Ports open but items missing from store shelves

Barge on the way, but no Costco chicken

Costco’s famous rotisserie chicken, bottled water, D-cell batteries and flashlights were missing from the big-box store’s inventory Monday because island shipping ports closed for several days last week as the state prepared for Hurricane Lane. 

“That’s a big one,” said Manager Tony Facemire of the missing cooked-on-site chicken. 

Normally Costco receives two deliveries of chicken a week. Last week it only received one. On Sunday the store ran out. “I don’t have any to cook,” Facemire said Monday afternoon.

The store is also out of several types of organic chicken, along with lanterns and generators, which were bought up in the pre-storm rush.

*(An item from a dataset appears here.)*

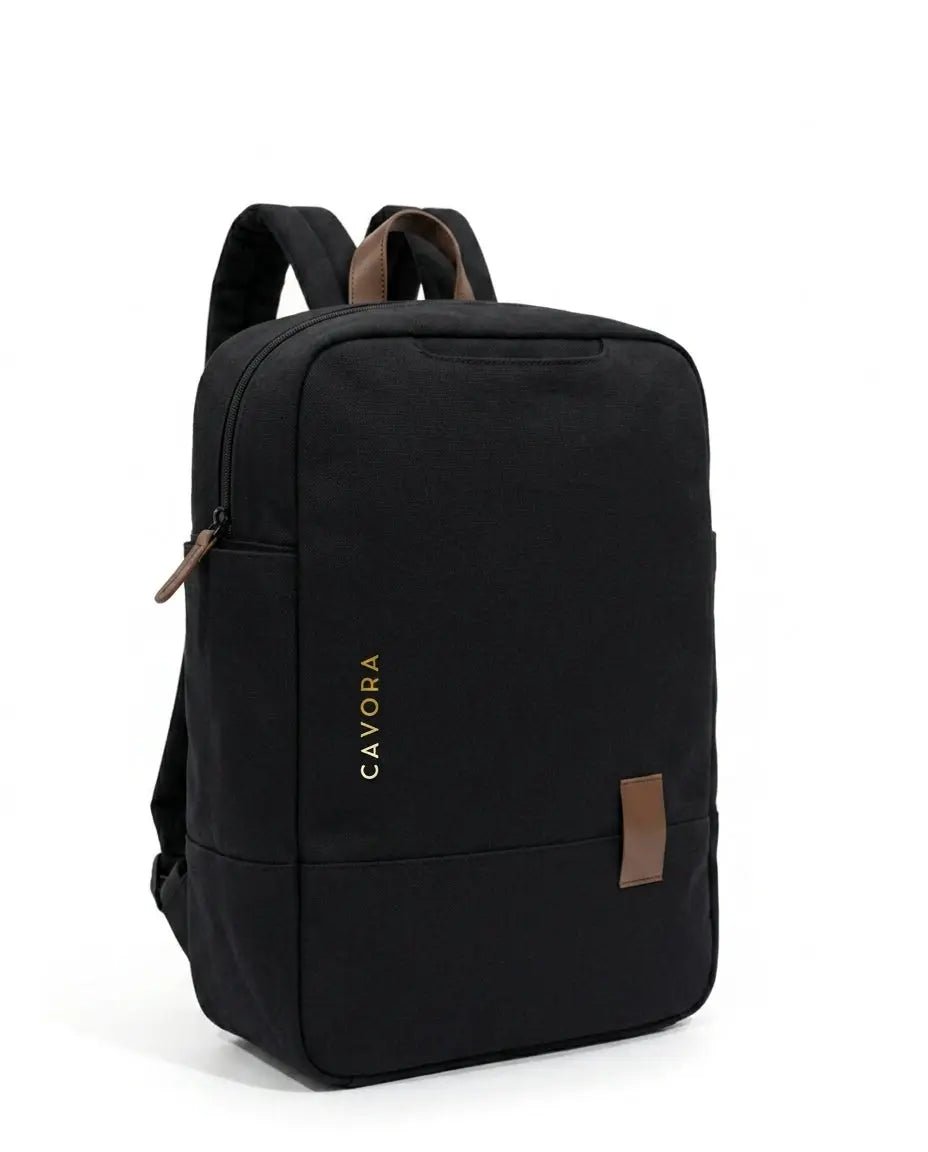 Premium Travel Backpack | Cavora Élan Stylish Black Canvas Backpack - Cavora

Hawaii ports opened on Saturday after most closed last week. At least one Young Brothers barge was en route from Honolulu to Kahului Harbor on Monday and expected today. But Facemire said it may take until Wednesday before the missing items are again available at Costco.

He said that after the containers arrive at the harbor, crews need to retrieve them from the dock. It then takes time to unload once they’re at the store.

“Our plan is to work overnight (tonight) into Wednesday night” to get the shelves stocked, he said.

Kula Produce, which services supermarkets and hotels, is in a similar situation. Marketing Director Tish Uyehara said some produce, including lettuce and citrus fruits, may be sparse until the end of the week until shipping picks up again.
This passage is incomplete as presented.